As mentioned above, the Green Party says that we have to address sustainability in food production. These factory farms use a lot of energy and have a high carbon footprint. Since we are facing a major environmental crisis, we need to reduce energy usage and carbon omission. The UN has published information that states that the meat and diary industry produces 18% of green house gases globally; however other studies imply an even higher contribution.

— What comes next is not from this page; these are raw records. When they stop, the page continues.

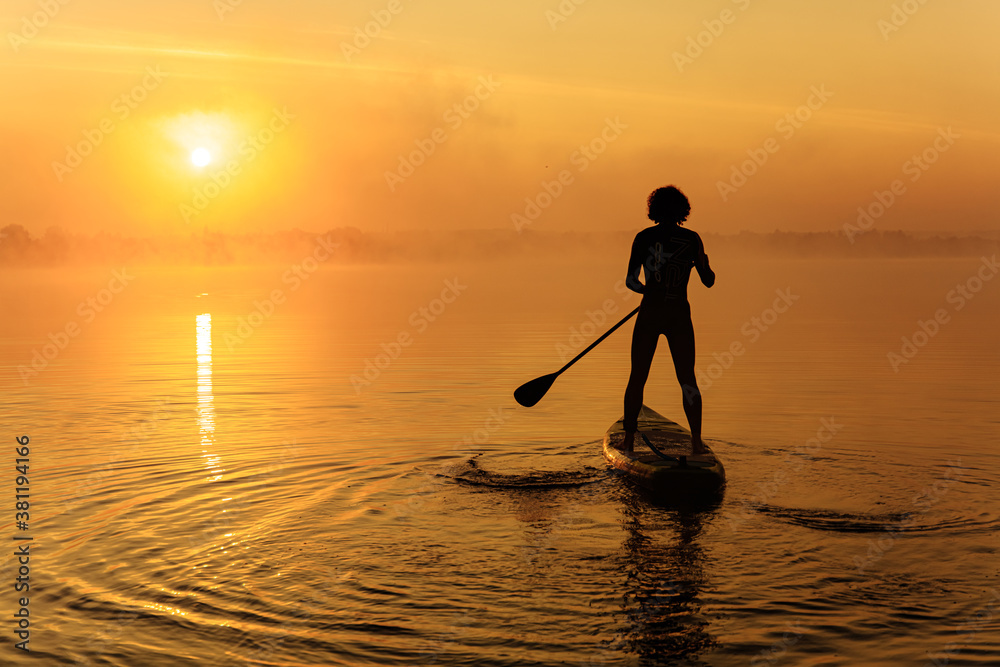 Silhouette of man floating on sup board on foggy lake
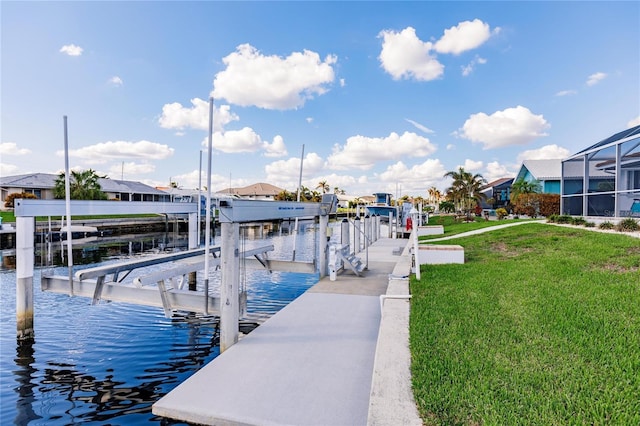 view of dock featuring a water view, a lawn, and a lanai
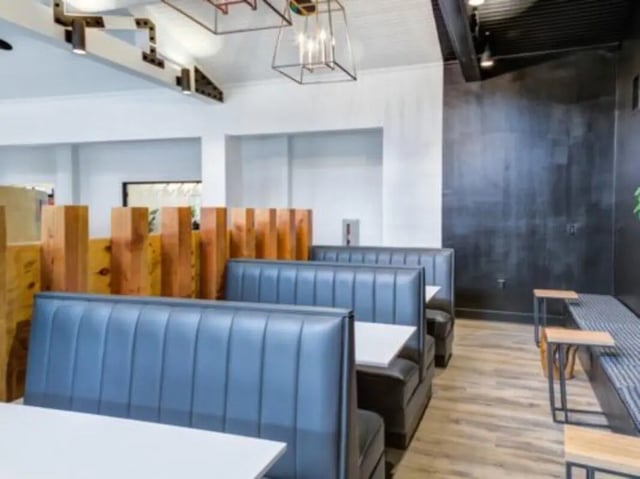 Blue booths and wooden dividers communal area at East Edge in Tuscaloosa Student Accommodation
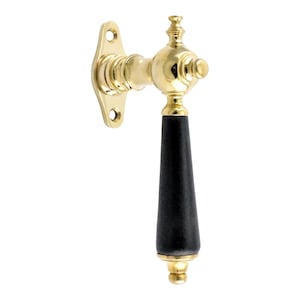 May include: A gold window handle with a black wooden knob. The handle has a decorative design and is attached to a wall plate.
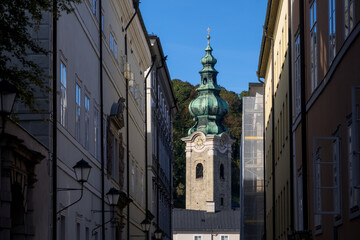 Tall clock tower of St Peter`s Abbey, is a Benedictine monastery and former cathedral in the Salzburg, Austria.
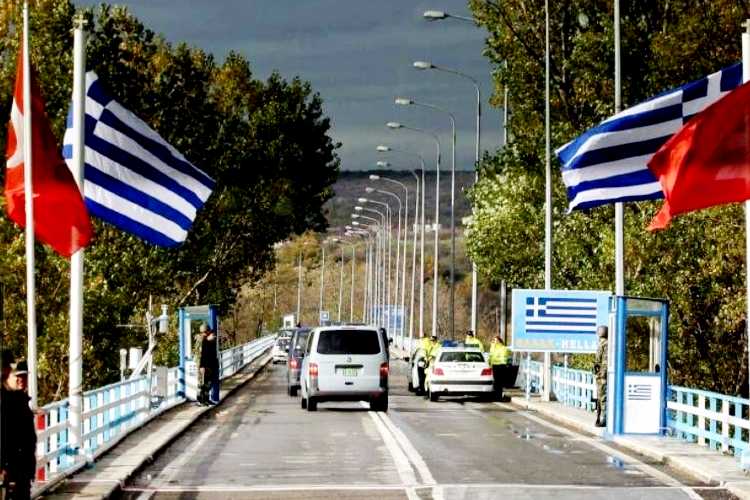 Vehicles passing through the İpsala Border Gate from Turkey to Greece, with Turkish and Greek flags visible on both sides of the crossing road.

These factory units will further harm small and medium sized farmers. Farmers cannot compete with the low prices that these mega units can achieve at the present time. This unit would have around 18 employees working in the factory; if the pigs were traditionally farmed, far more people would be employed and earning a living from this. Do we really want our British farming to become an industrial production line? Do we really want our landscape to be filled with industrial units? Or do we want to see traditional farms with grazing animals in the fields?

Having looked at this Foston development I could not find a single reason that I thought was persuasive in its favour. Local residents, traditional farmers, the pigs, the consumers’ health, our environment all would have to pay a price so that a handful of people could get rich. That is simply not a good reason to allow mega factory farms.